### SUPPLIED ENTRIES
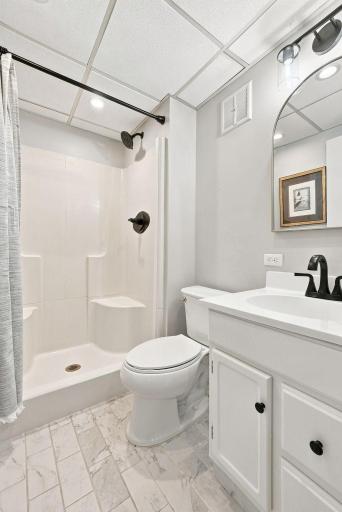 There is a 3/4 bathroom on the lower level with a walk-in shower.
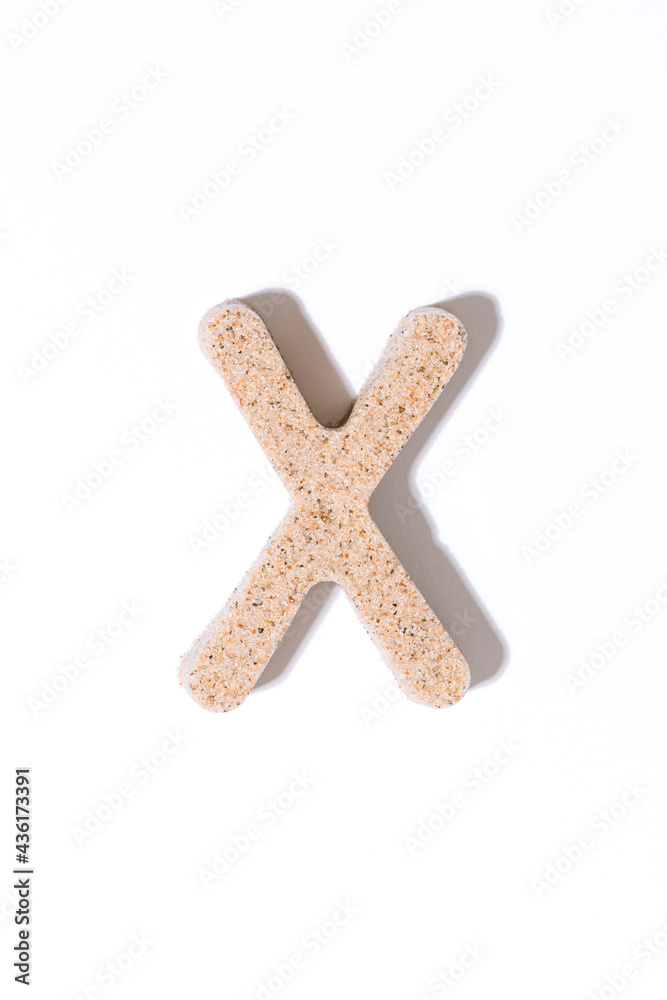 Letter X of the sand isolated in white. summer concept. alphabet. Letter X of the sand isolated in white. summer concept. alphabet.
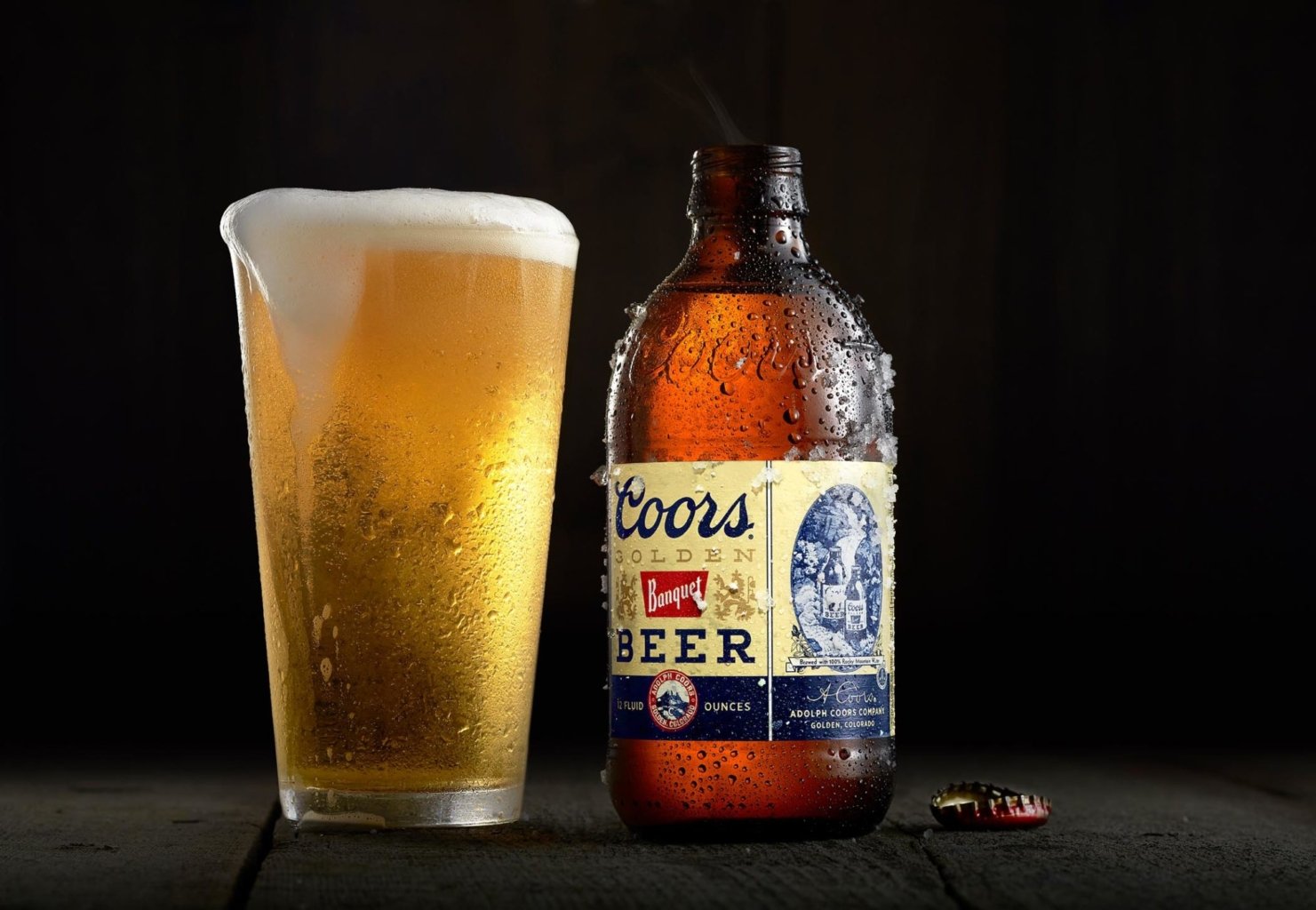 Golden beer poured into glass with foam head beside branded bottle photographed for commercial alcohol marketing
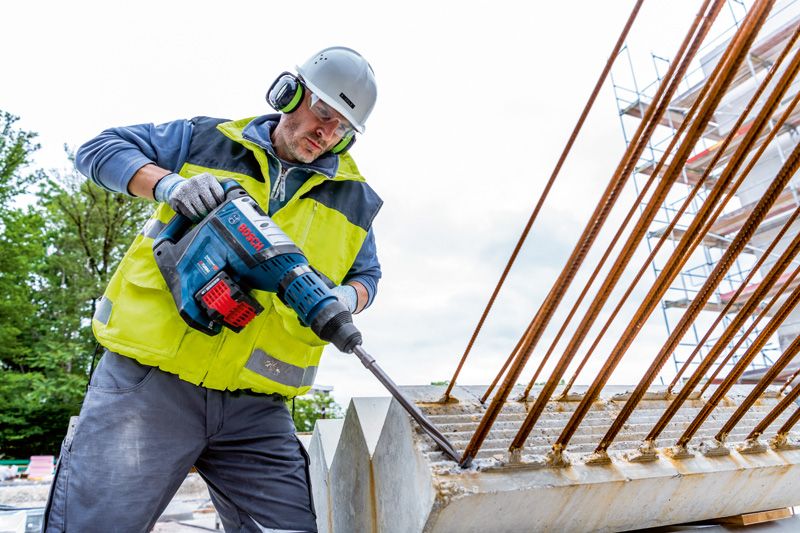 A person wearing safety equipment drills into concrete with a large cordless rotary hammer.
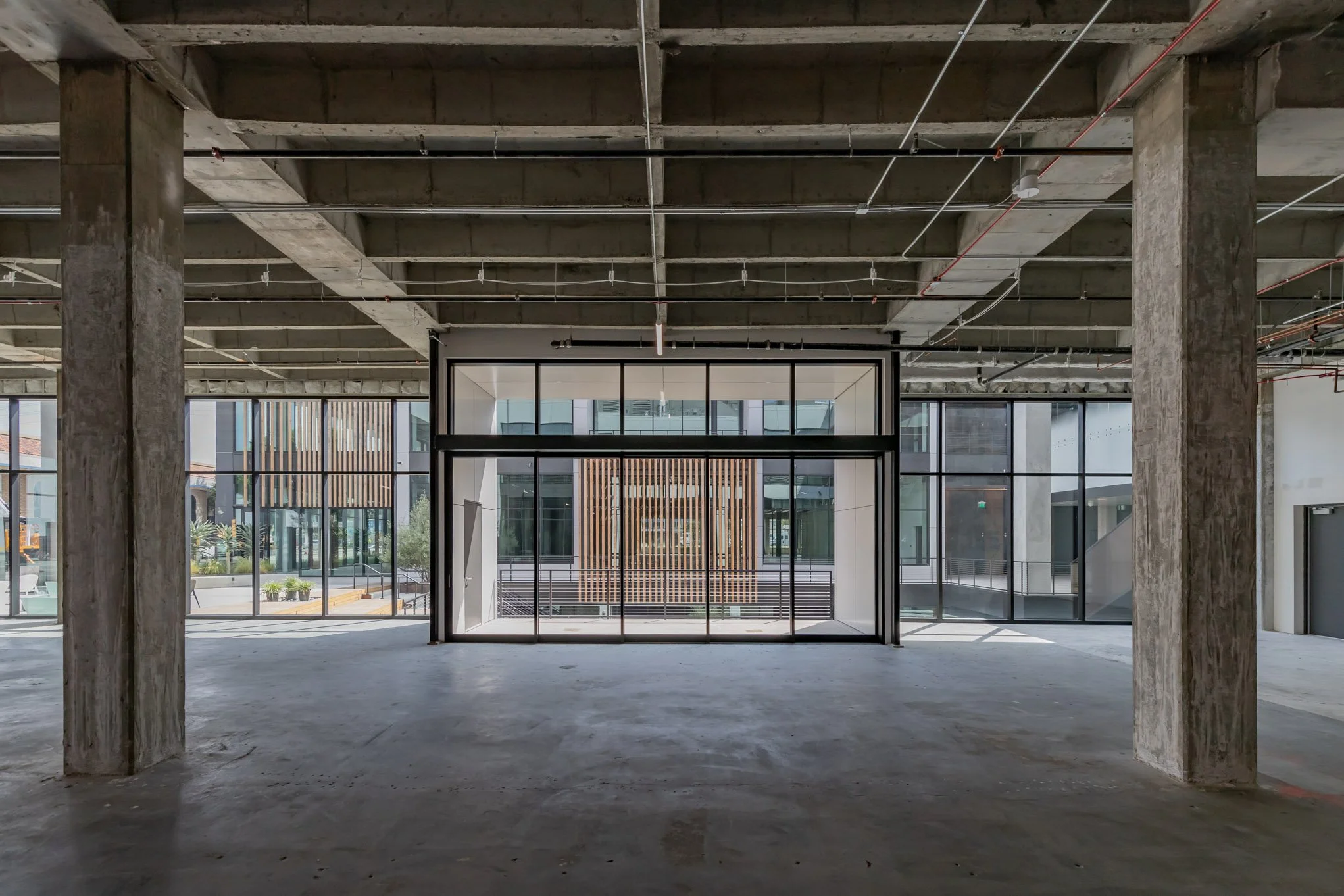 Interior of an unfinished modern building with large glass windows and exposed concrete beams and pillars.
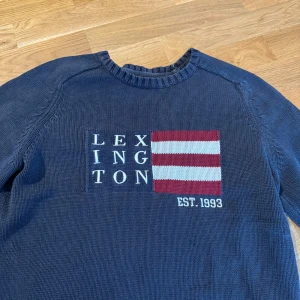 Mörkblå stickad tröja Lexington M - Snygg mörkblå stickad tröja från Lexington med broderad logga och rödvit randig flagga på bröstet. Tröjan har rund halsringning och långa ärmar, perfekt för dig som gillar klassisk och stilren look.
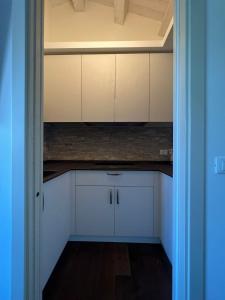 una cocina vacía con armarios blancos y una puerta azul en Villa Tilly, en Trarivi
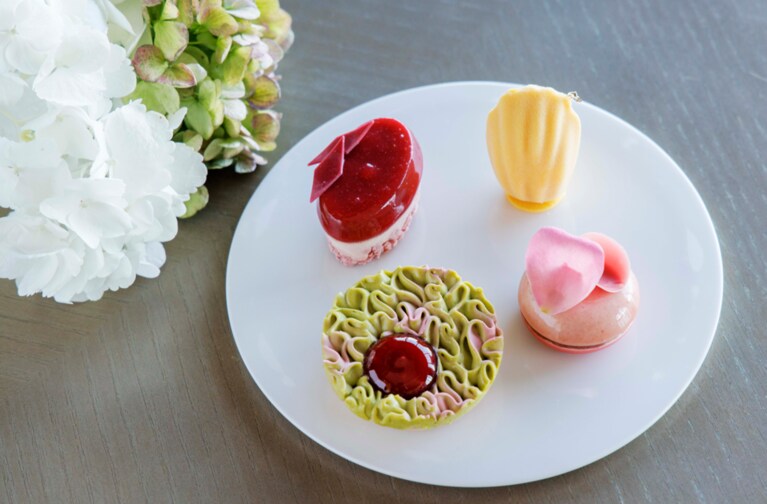 スイーツプレートのイメージ。右上から順に、「ハチミツムース、クレームシトロン、ダクワーズノワゼット」「桃とバニラのヴァバロワ、桃のコンフィチュール」「ルバーブとラズベリー、ピスタチオのタルト」「苺とルバーブのコンポートジュレ、アールグレイクレムー、苺クランチ」。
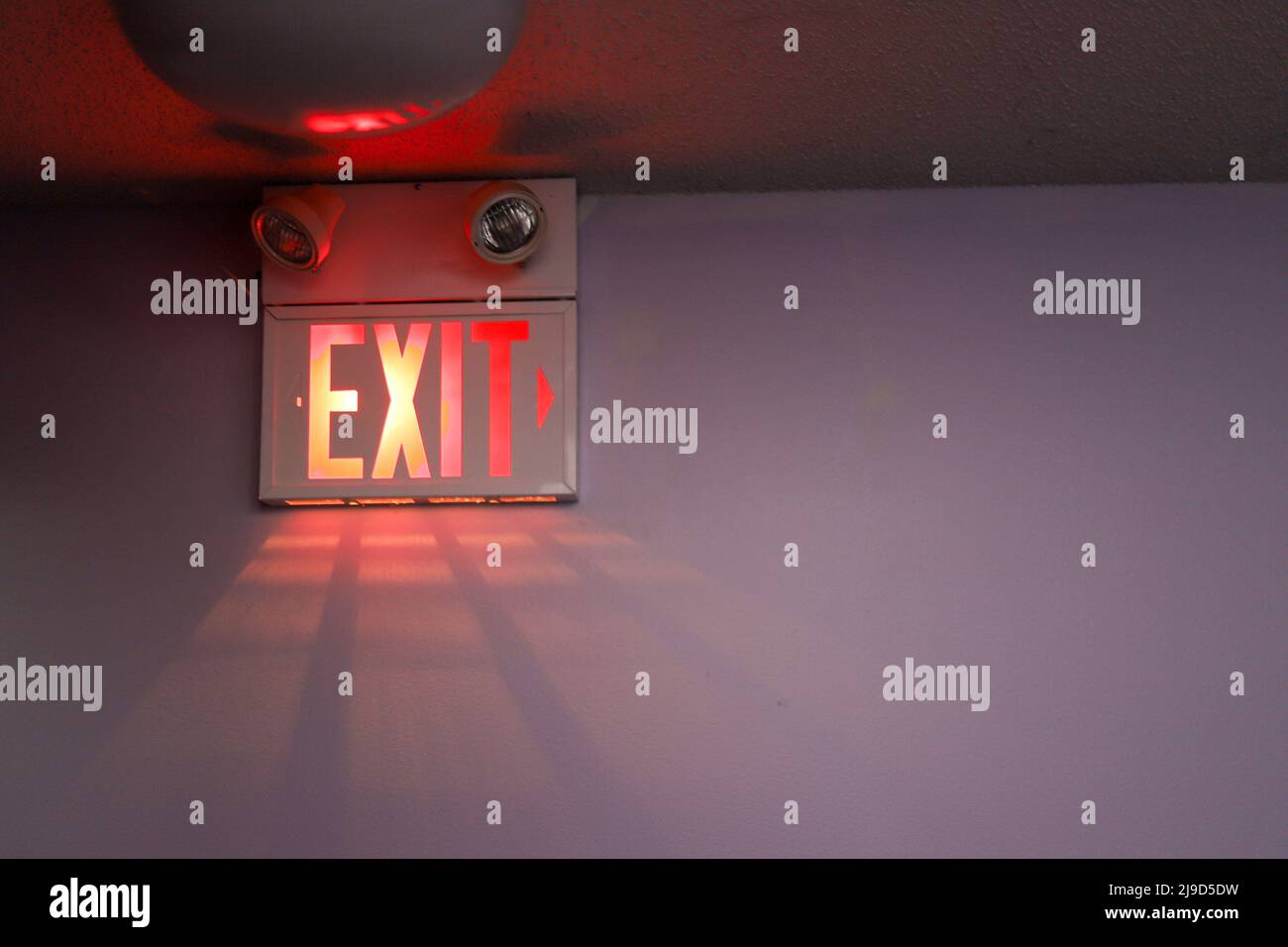 A exit sign on a white wall Stock Photo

### EXERCISE REQUIREMENTS
Print all of the entries word for word. Omit the pictures they contain.

### REPLY
 There is a 3/4 bathroom on the lower level with a walk-in shower.
 Letter X of the sand isolated in white. summer concept. alphabet. Letter X of the sand isolated in white. summer concept. alphabet.
 Golden beer poured into glass with foam head beside branded bottle photographed for commercial alcohol marketing
 A person wearing safety equipment drills into concrete with a large cordless rotary hammer.
 Interior of an unfinished modern building with large glass windows and exposed concrete beams and pillars.
 Mörkblå stickad tröja Lexington M - Snygg mörkblå stickad tröja från Lexington med broderad logga och rödvit randig flagga på bröstet. Tröjan har rund halsringning och långa ärmar, perfekt för dig som gillar klassisk och stilren look.
 una cocina vacía con armarios blancos y una puerta azul en Villa Tilly, en Trarivi
 スイーツプレートのイメージ。右上から順に、「ハチミツムース、クレームシトロン、ダクワーズノワゼット」「桃とバニラのヴァバロワ、桃のコンフィチュール」「ルバーブとラズベリー、ピスタチオのタルト」「苺とルバーブのコンポートジュレ、アールグレイクレムー、苺クランチ」。
 A exit sign on a white wall Stock Photo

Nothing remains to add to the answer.